You are hereby summoned to attend at the Supreme Court… blah blah… at 10 o’clock in the forenoon to serve as a juror ……

[forenoon?? what’s wrong with morning? whoever says forenoon?]

Much swearing followed for some considerable time.

From which you may gather that my partner has no desire to serve as a juror and tried to work out his excuses:

I’m thick (me: you will need proof of thickness)

I’ve got a hump on my back and clubfoot (me: you will need a doctor’s note)

I don’t want to do it (me: yeah right)

I can’t speak English (me: rolleyes)

etc etc etc

Now, personally I wouldn’t mind being a juror, but as someone who spent some years of her working life sitting in dusty courtrooms, it’s pretty familiar territory.

The Supreme Court in Gib is obviously the equivalent of a British Crown Court, either where bad cases get referred to because they can’t get tried in magistrates, or where people choose to go for trial by jury.

My dear readers will not be surprised to discover that I checked up on how the list of jurors is obtained.

It seems that it is obtained from the census and there is a separate page for each letter of the alphabet. Whoever sends out the invitations goes through each letter starting with the first name on the list for that page, and continuing through the alphabet. Then next time around, going for the second name down for each letter.

Does that make sense?

Now my partner and I do not have the same surname, because I didn’t change my name when I got married. You should all know that by now. But our surnames do begin with the same letter. But my surname should always precede his in the alphabet. So why did he get invited before me? Huh?

Answers on a postcard. I’m sure it’s not discrimination of any type whatsoever. Perhaps they are looking to balance the jury and want an unemployed man instead of an unemployed woman?

When my partner was an apprentice, the decorator he was training with was also called for jury service and he was away from work for two weeks. His wife, a headmistress, was never called in her life. My father was called and wriggled out of it. My mother was never called.

Meanwhile this letter summons was dated 2 November. It was posted on the 11th, and arrived on the 14th. Less than two weeks away from the start of jury duty.

However on the government website, we are assured that potential jurors will get at least four weeks notice of jury duty. Really? I think not.

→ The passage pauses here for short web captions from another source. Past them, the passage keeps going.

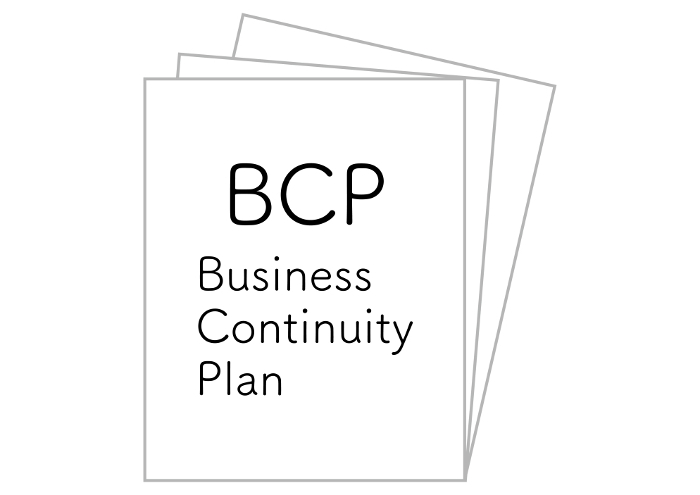 Business Continuity Plan documents, BCP, Business Continuity Plan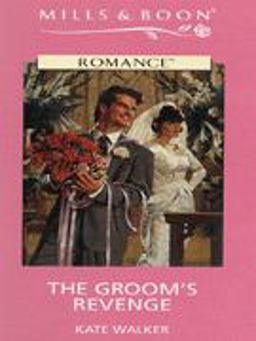 The Groom's Revenge
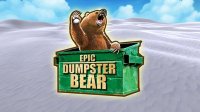Cкриншот Epic Dumpster Bear, изображение № 798935 - RAWG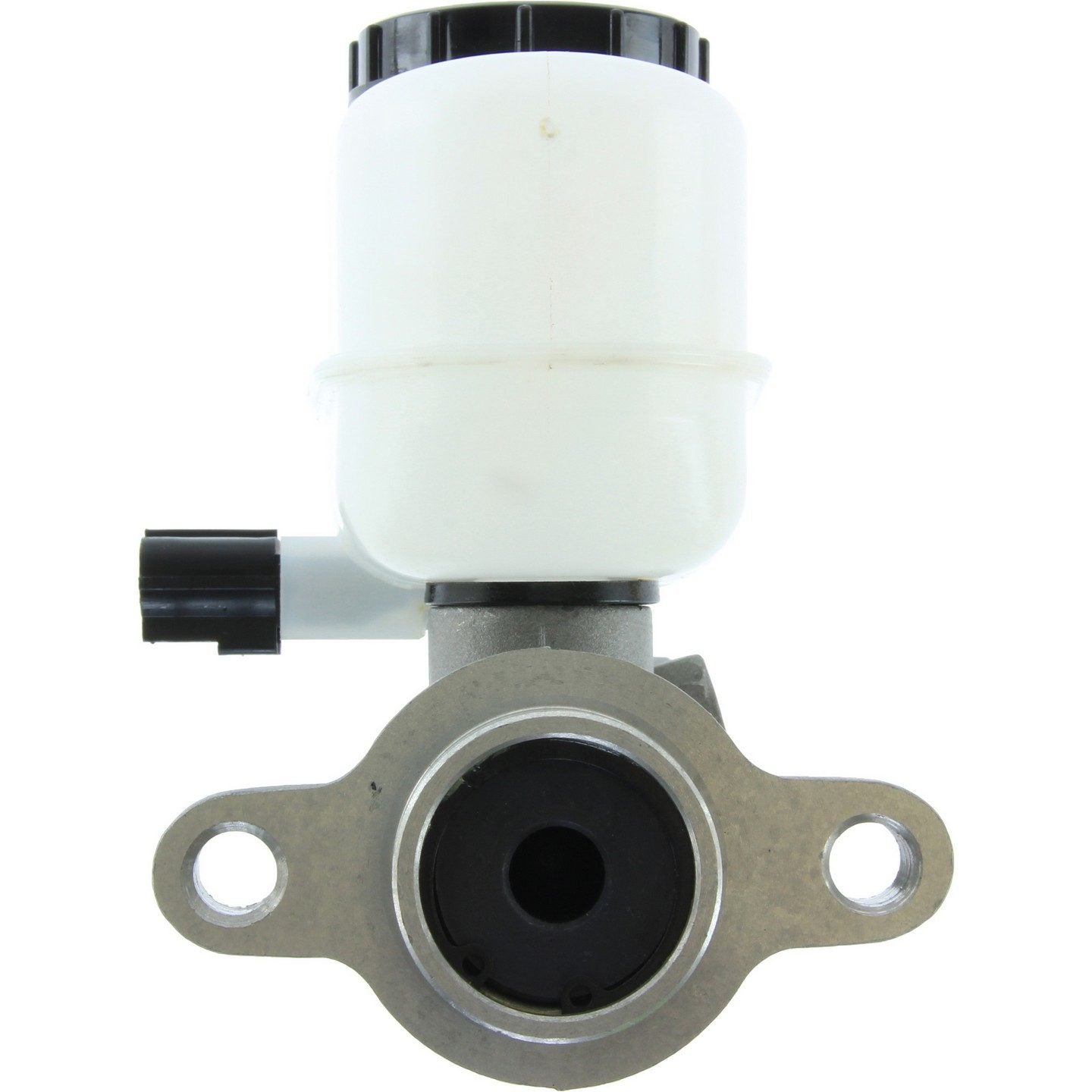 Centric Parts Brake Master Cylinder Standard for 1997-2001 Ford F-Series and 1998-1999 Lincoln Navigator 131.65053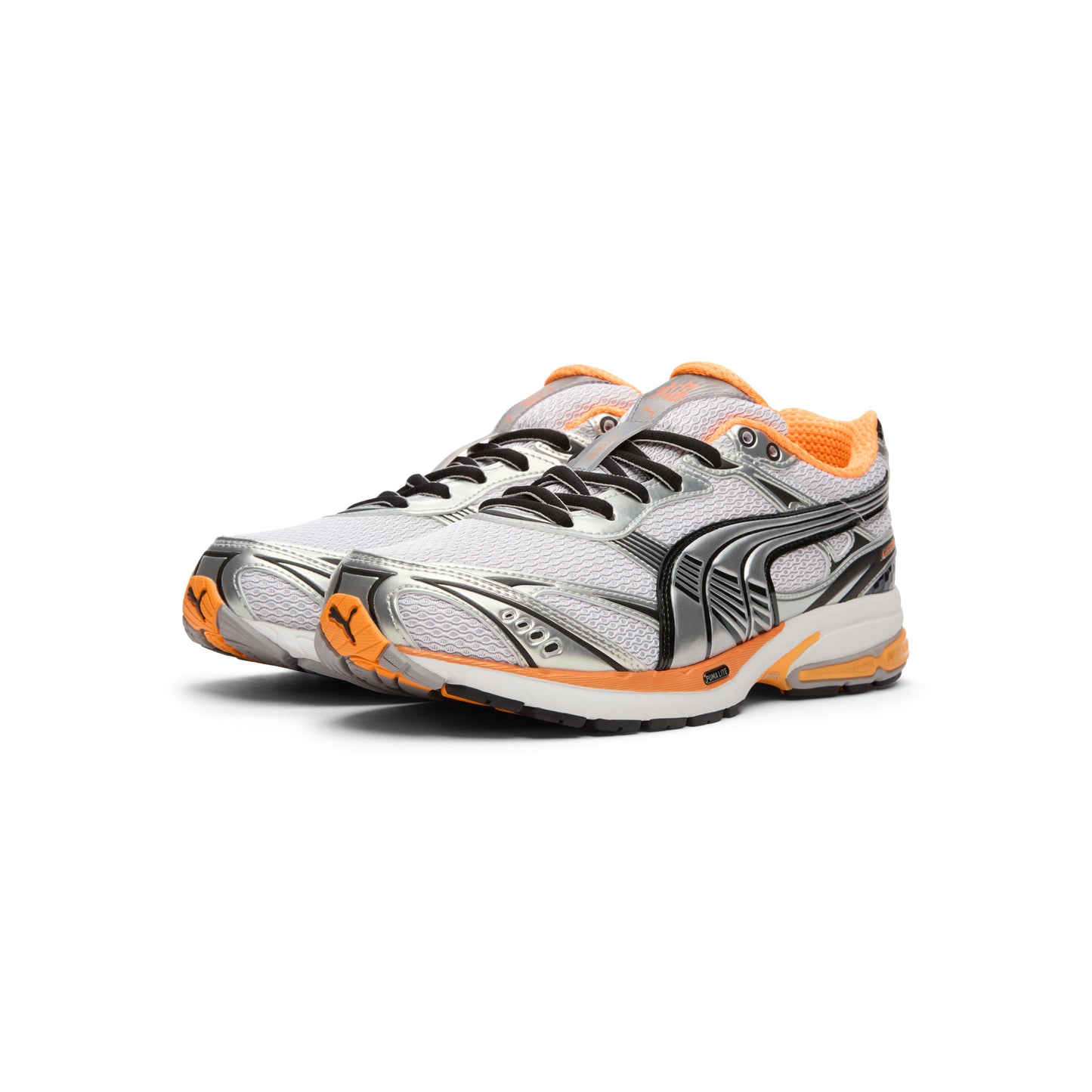 Puma Homura OG+(Gray)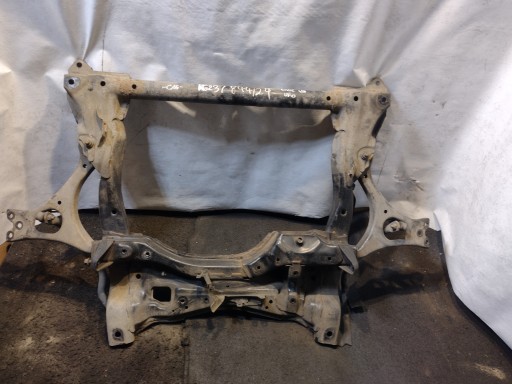 subframe axle beam front Honda Civic VIII UFO 1,8 and-VTEC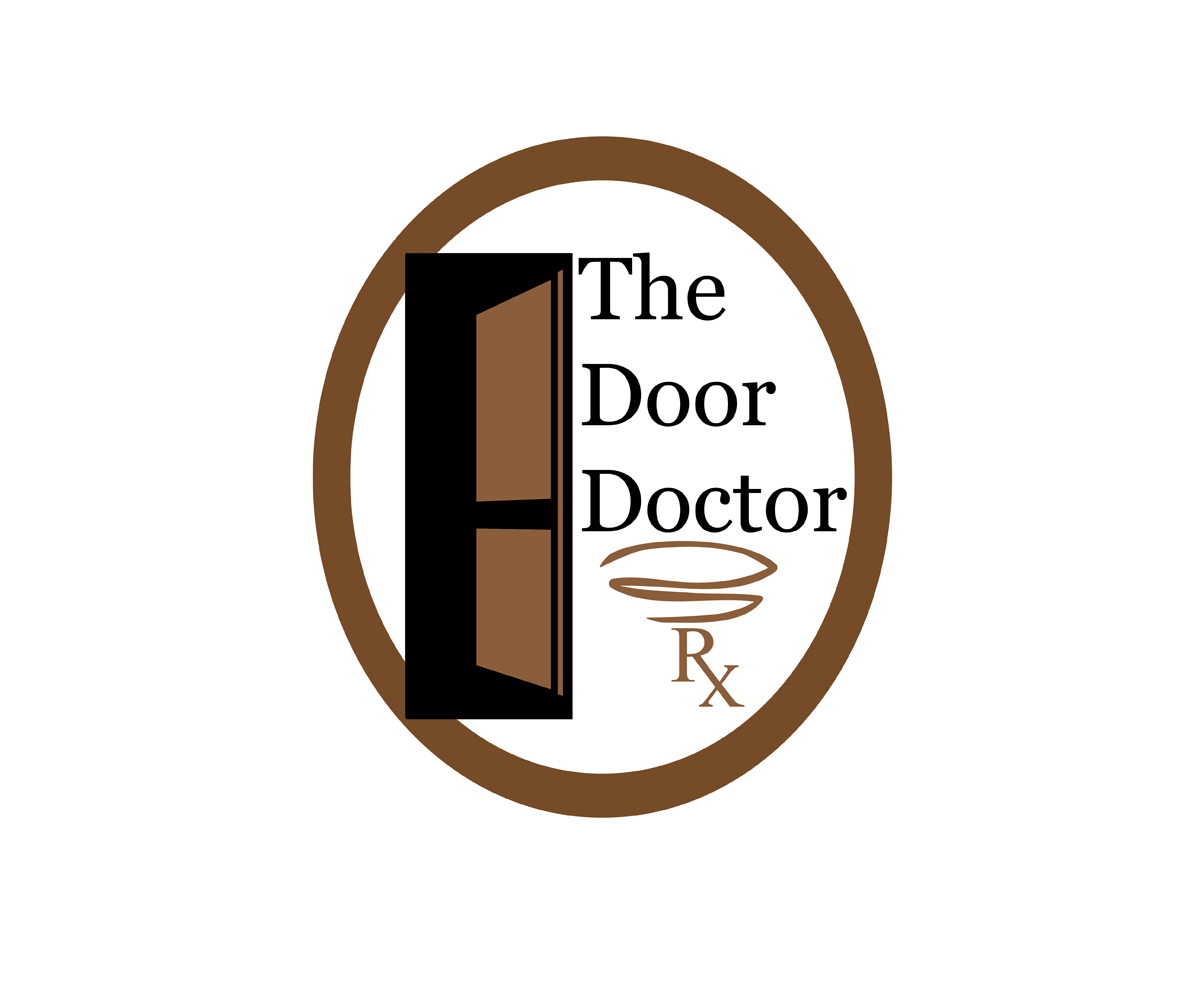 Logo Design by jerwin for this project | Design #2077838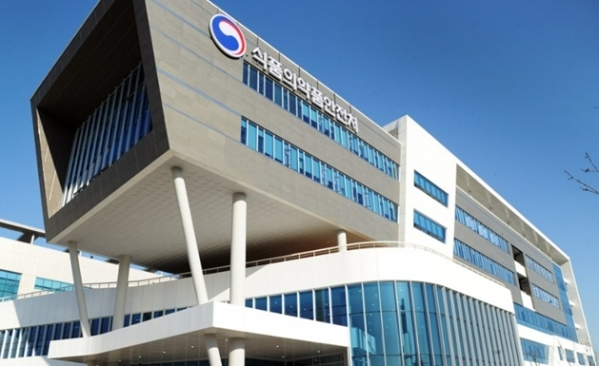 3 식품의약품안전처.png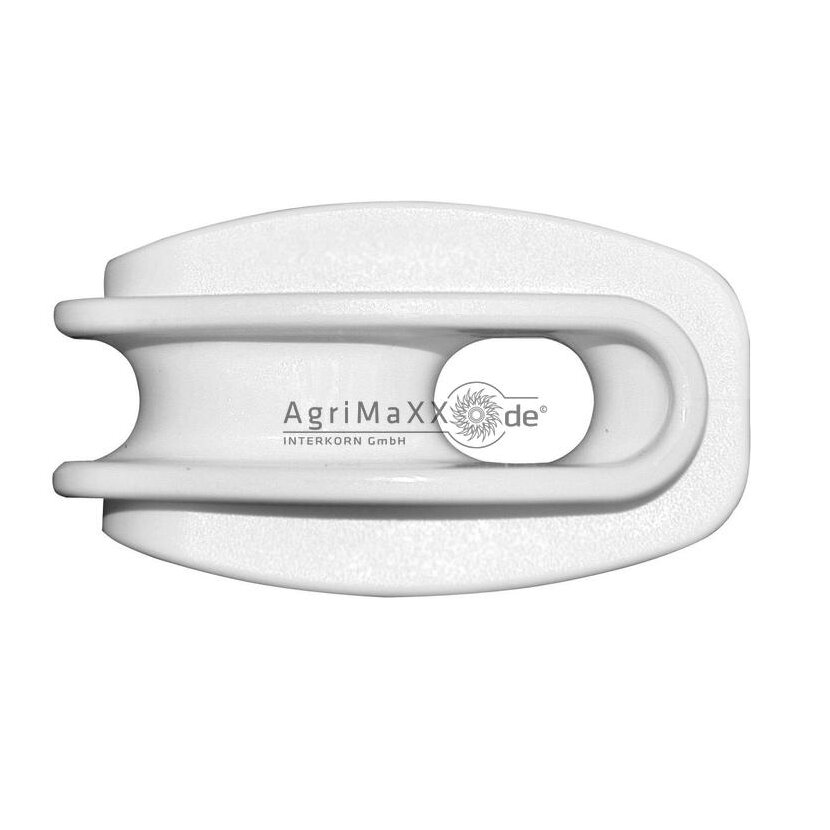 Kerbl Abspannisolator Polyamid - 44358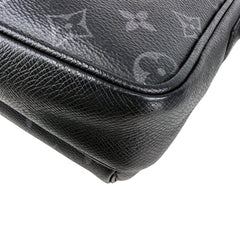 Outdoor Messenger Microchipped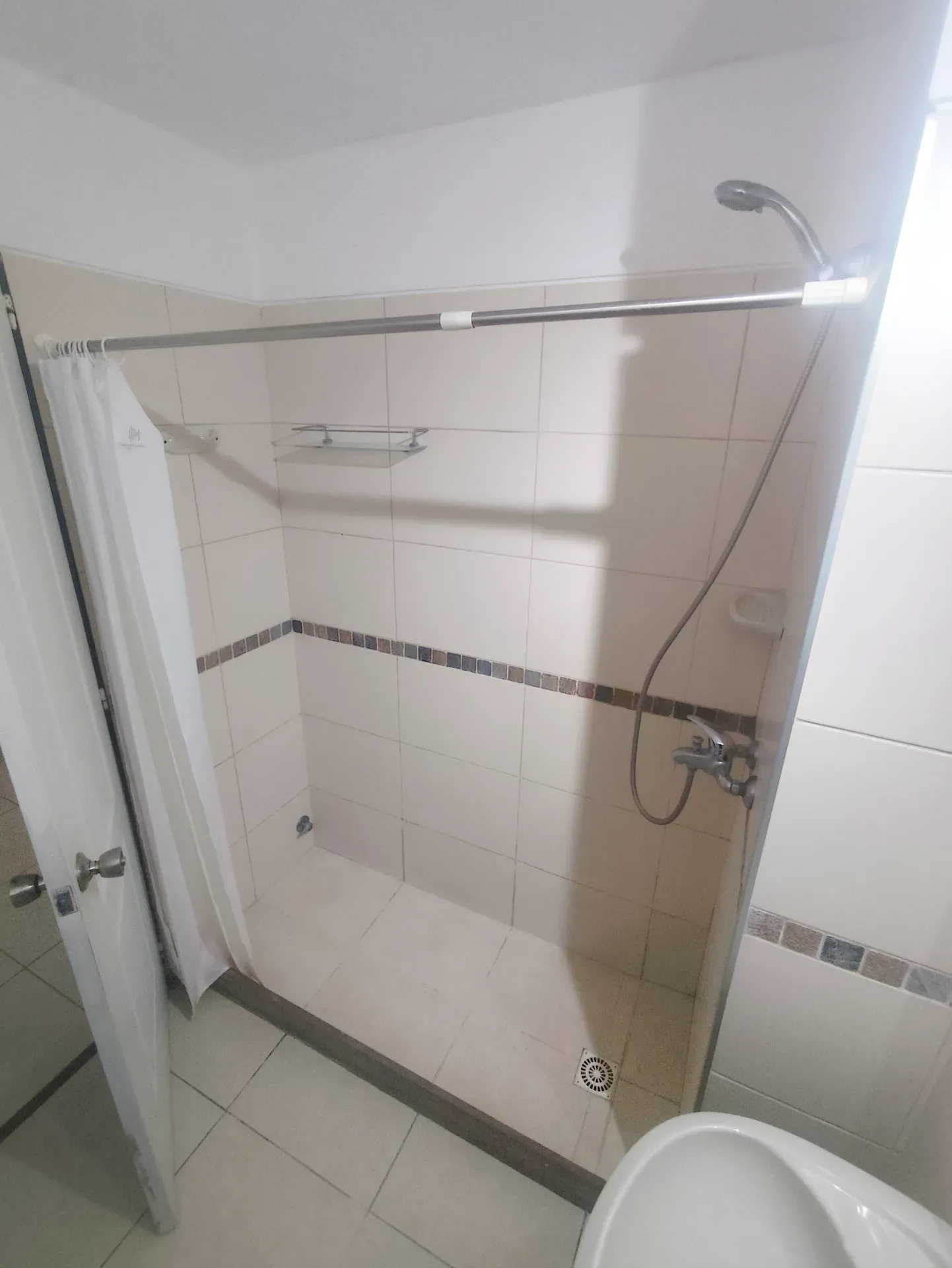 Apartamento en Alquiler · Foto 12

Letter to the Chief Justice in the offing? Or the Chief Executive of the Courts? Suggesting they either change the law, the website, or their somewhat tardy systems?

I think juries are a good idea. I wouldn’t want my fate to be decided by a couple of lawyers and a judge. At least you have more of a chance with a jury of 9/12/however many people.

Law is complex, and extremely tedious. There are a lot of factors to be taken into account that sway a jury, or even a bench of magistrates.

I once saw a fairly petty crime in Mags court where the dispute was about non-payment of a taxi-fare by a woman and threatening behaviour by the driver. She must have bought the solicitor from heaven who gave her such perfect advice. Her hair was impeccable, only a slight trace of make-up, discrete and quiet demeanour, a dark blue but soft suit, and a high-necked white blouse. How could she possibly have failed to pay her fare?

I have no idea whether the jury get told whether or not to disregard personal appearances, but there is no doubting they sway the opinion. Perhaps a good reason to keep defendants and witnesses behind screens? Jurors aren’t there to judge characters, people, their behaviour or their appearance, merely the evidence presented.

Is there any difference between 12 people arguing over alleged facts or one person, ie a judge, determining a result on their own?

I nearly studied law at university. I would probably have made more money on qualifying than I did in my hotch-potch career. Or maybe not. But what a strange system to be embroiled in.

When we were discussing it last night, my partner questioned how people could defend murderers, rapists, robbers, but it’s their job. Rather them than me. So maybe I didn’t make the wrong choice.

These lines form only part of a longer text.